Work to complete: Produce the lines from the one containing "Falla eléctrica afectó" through the end of the material exactly as they appear, both ends included, and leave the pictures out.

Data for this exercise:
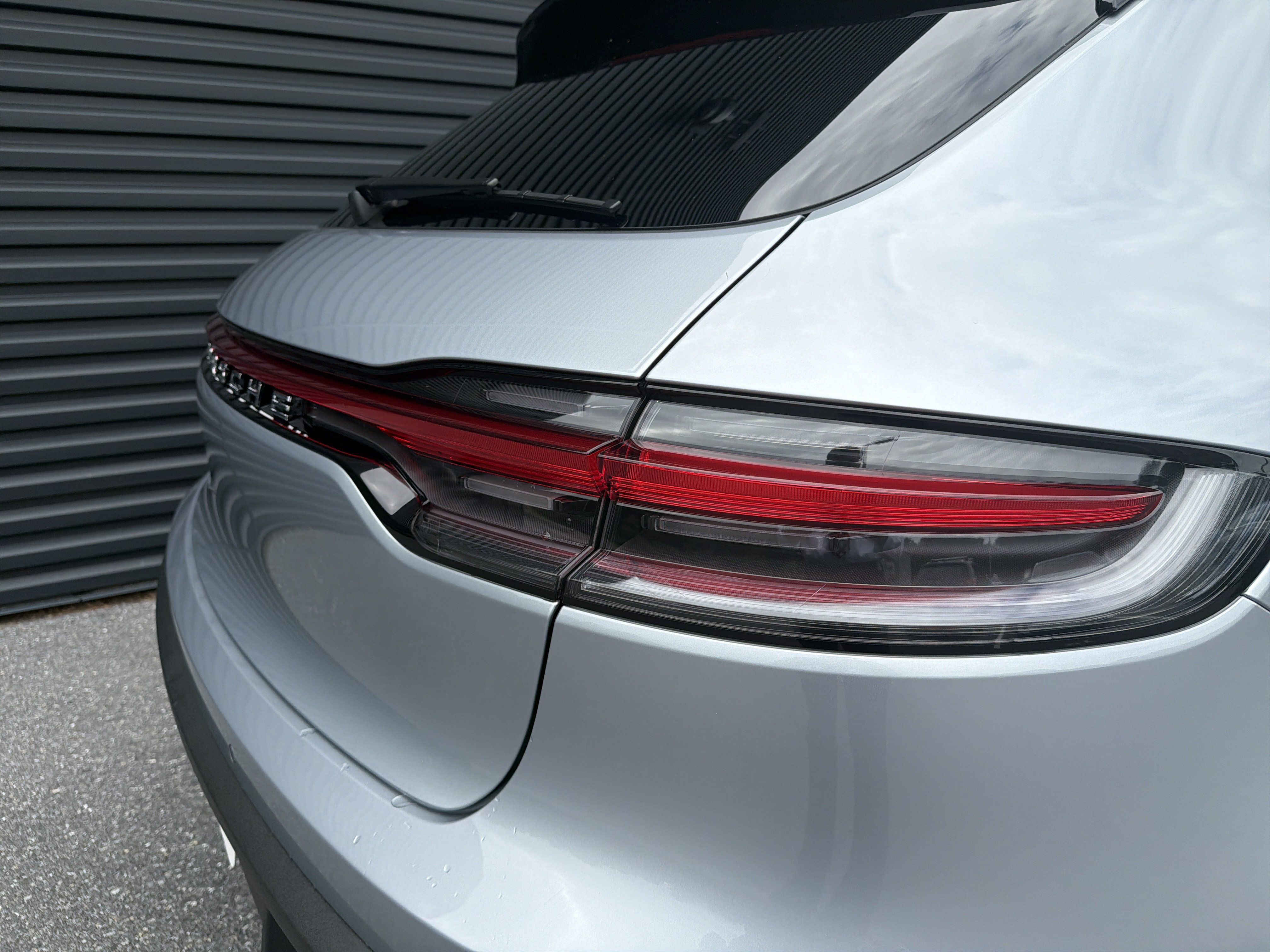 Certified 2026 Porsche Macan AWD/4WD image 11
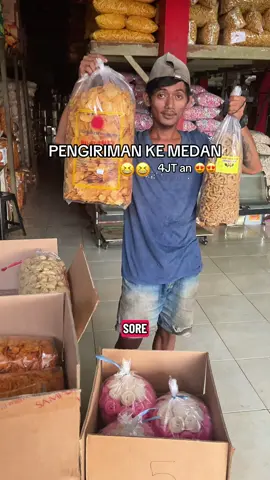 📦✨ PENGIRIMAN KE MEDAN AMAN! Satu customer kita kirim snack sampai Rp 4 JUTAAN 😱🔥 Jangan khawatir, semua barang sudah packing rapi dengan kardus tebal + bubble wrap, dijamin aman sampai tujuan. ✅ Order besar? Bisa! ✅ Kirim luar kota? Bisa banget! ✅ Packing aman? Pasti dong! Mau stok buat toko atau acara besar? 👉 Langsung WA: 081326280000 Hanya di Victory Snack, partner jualan & camilan terpercaya 💯 #victorysnack21semarang #victorysnack21 #jajanansemarang #kripikusus #grosirsnack 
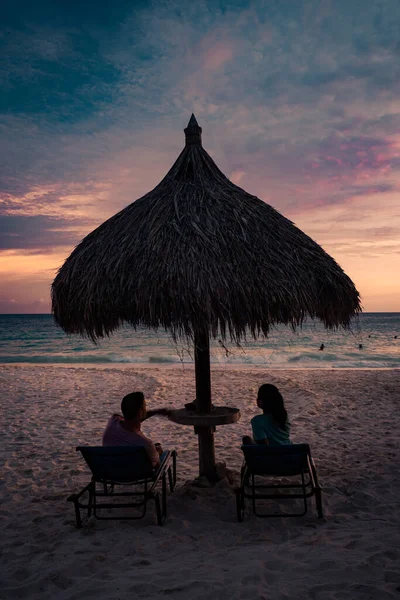 Pár na luxusní dovolené na holandském ostrově v Karibiku Aruba — Stock fotografie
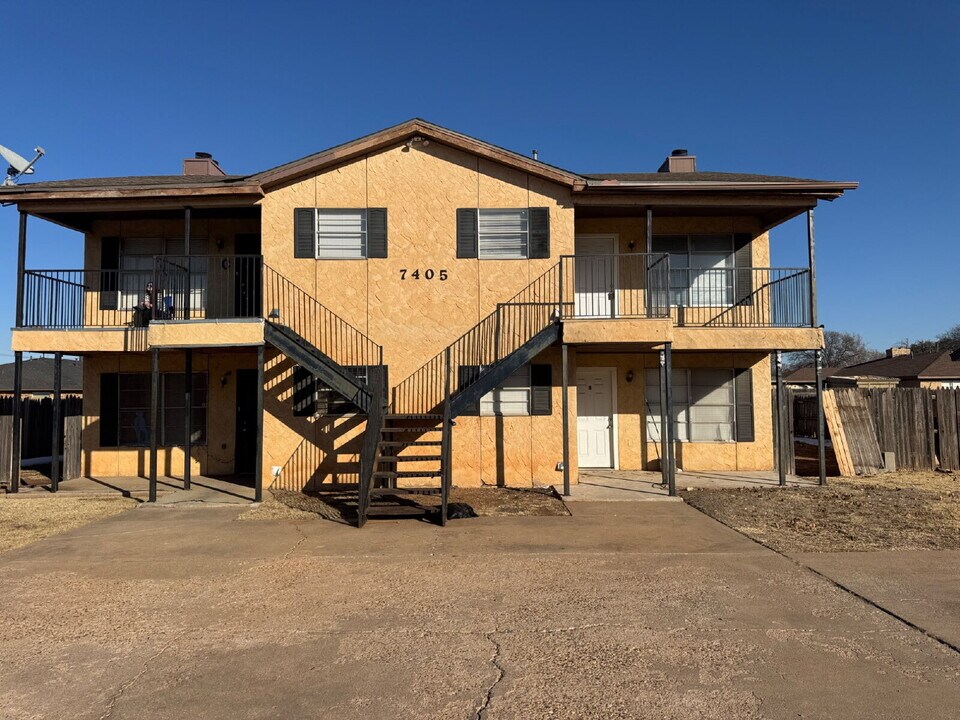 7405 Waco Ave in Lubbock, TX - Building Photo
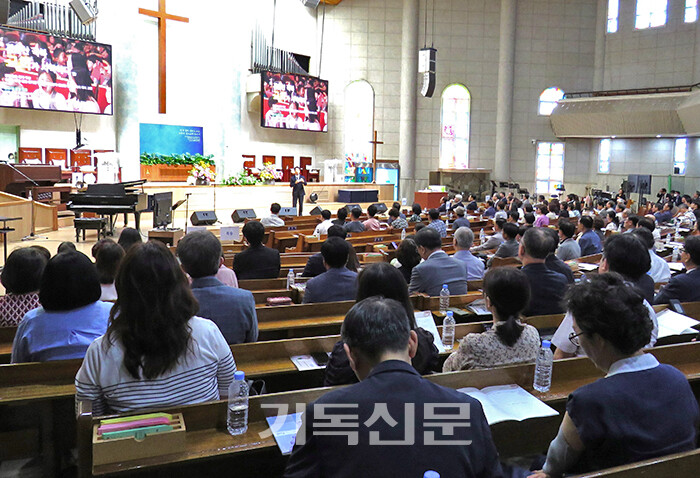 대구경북출산돌봄위원회가 창립 기념 콘퍼런스를 열고 지역목회자 및 성도들과 출산돌봄운동에 대한 공감대를 형성하고 있다.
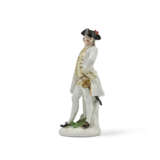 A MEISSEN PORCELAIN FIGURE OF CAPITANO SPAVENTO FROM THE 'DUKE OF WEISSENFELS SERIES' - Foto 2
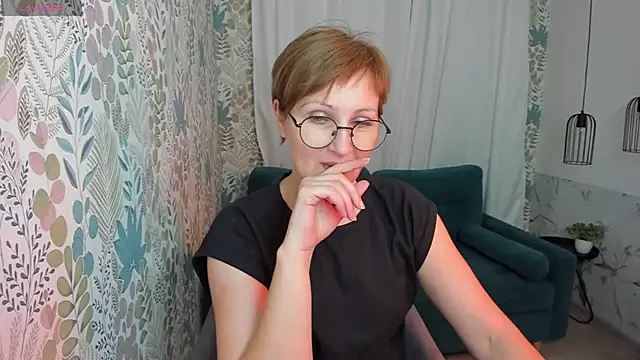 Snapshot of Paris_Cherry chatting on February 20, 1:08 pm Paris Cherry online show from February 20, 1:08 pm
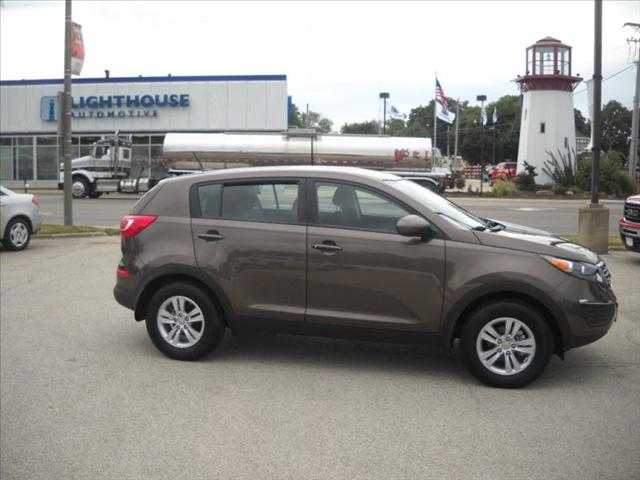 Kia Sportage Base Sport Utility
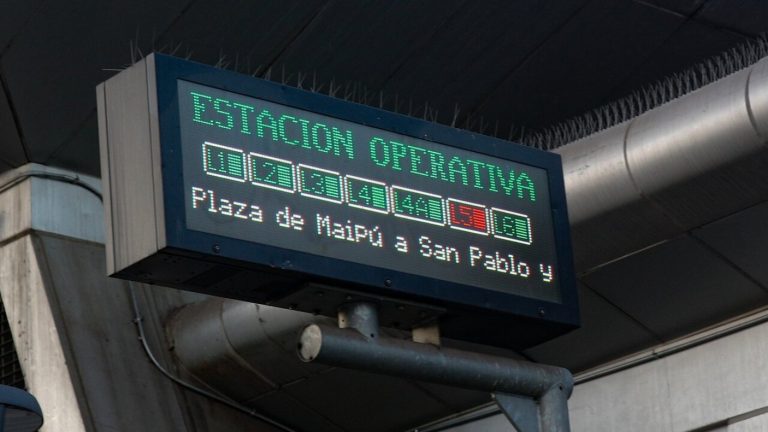 Falla eléctrica afectó a Línea 5 del Metro por varios minutos: Más de 10 estaciones suspendidas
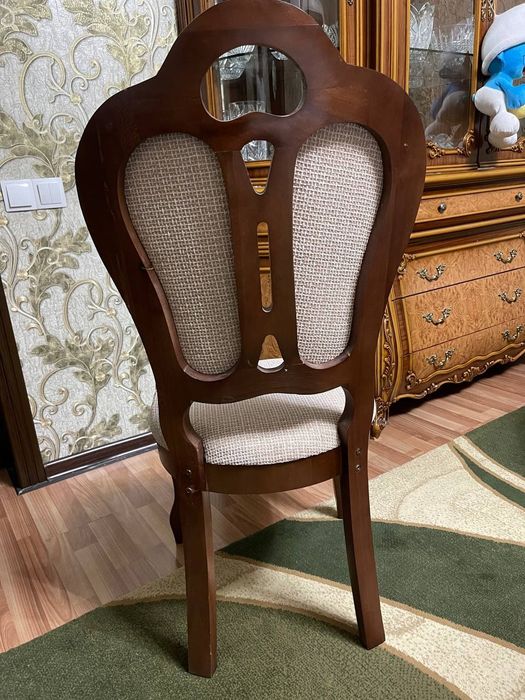 Столы и стулья на 12 человек со скатертью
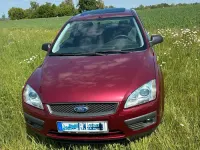 Gebraucht Ford Focus 100 PS (73 kW) 2005 Rot Limousine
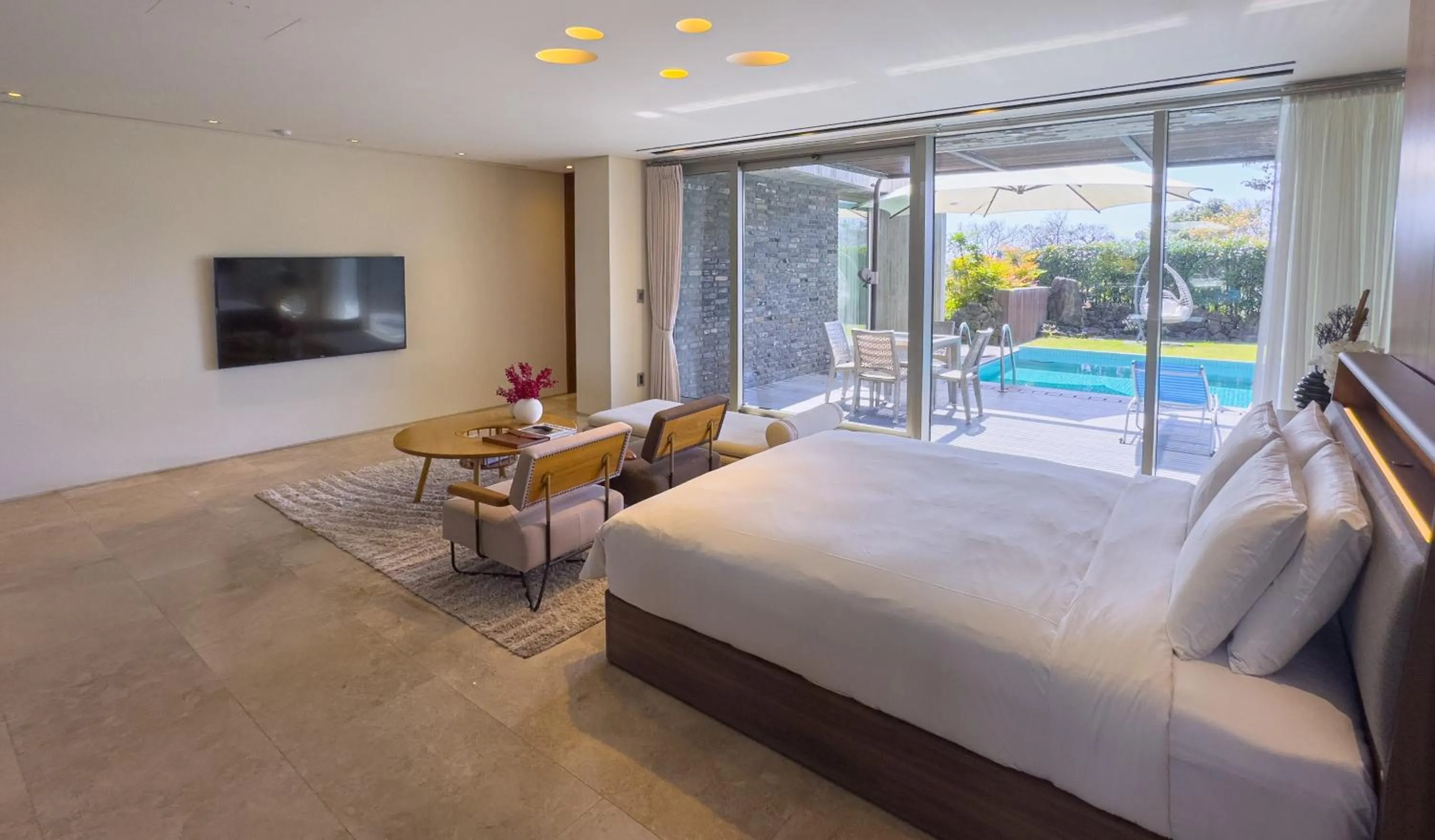 TV and multimedia, Bed in Bayhill Pool & Villa
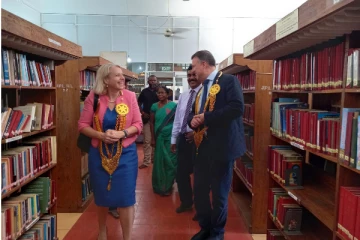 யாழ். பொதுநூலகத்திற்கு விஜயம் செய்த இலங்கைக்கான பிரித்தானிய தூதுவர் (Video)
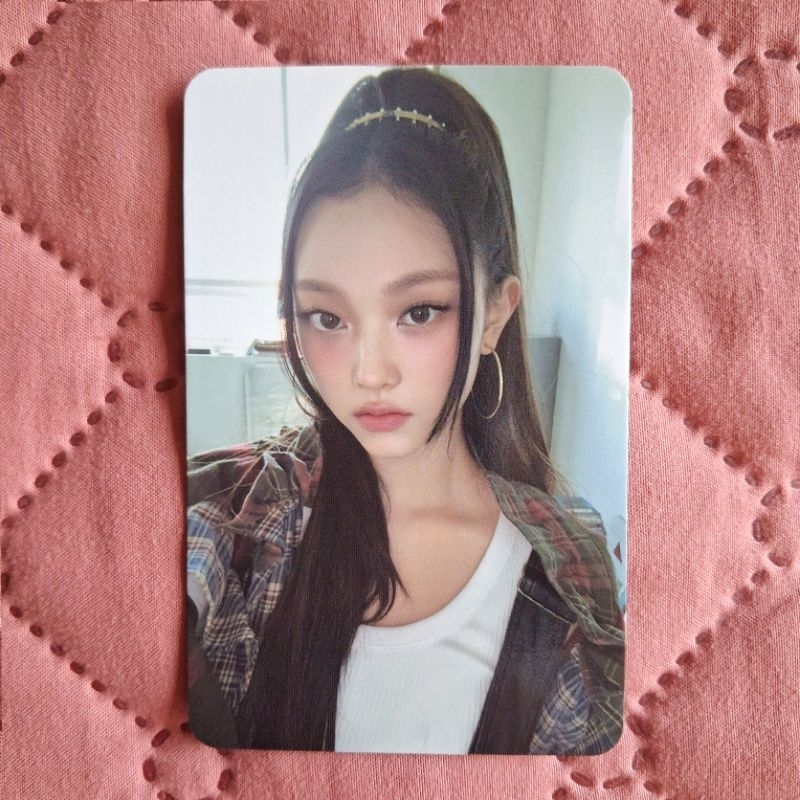 Haerin Photocard Oficial How Sweet Newjeans NJZ LEIA A DESCRIÇÃO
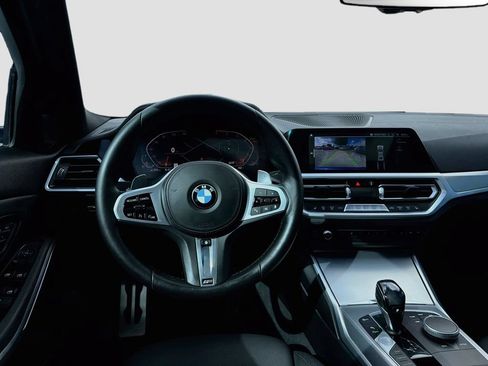 Used 2020 BMW 330i xDrive Sedan w/ M Sport Package AWD/4WD image 22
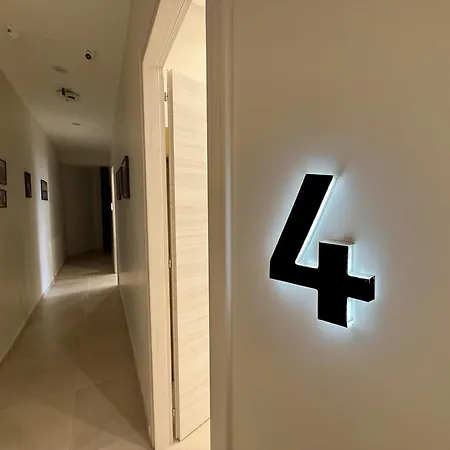 Town House 54 Апартаменты *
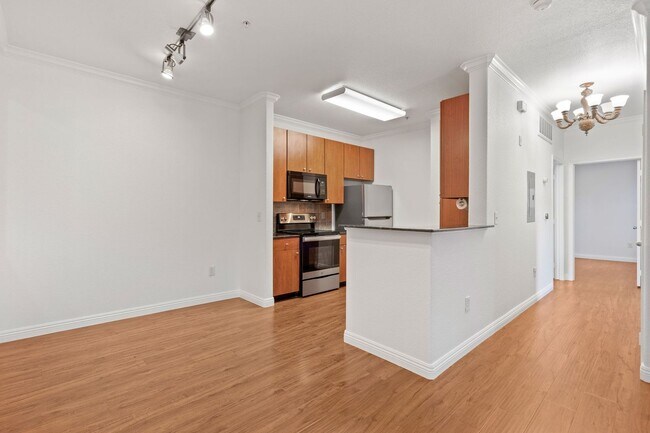 Building Photo - 2 bed 2 bath condo available in Antelope! ...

Written answer:
 Falla eléctrica afectó a Línea 5 del Metro por varios minutos: Más de 10 estaciones suspendidas
 Столы и стулья на 12 человек со скатертью
 Gebraucht Ford Focus 100 PS (73 kW) 2005 Rot Limousine
 TV and multimedia, Bed in Bayhill Pool & Villa
 யாழ். பொதுநூலகத்திற்கு விஜயம் செய்த இலங்கைக்கான பிரித்தானிய தூதுவர் (Video)
 Haerin Photocard Oficial How Sweet Newjeans NJZ LEIA A DESCRIÇÃO
 Used 2020 BMW 330i xDrive Sedan w/ M Sport Package AWD/4WD image 22
 Town House 54 Апартаменты *
 Building Photo - 2 bed 2 bath condo available in Antelope! ...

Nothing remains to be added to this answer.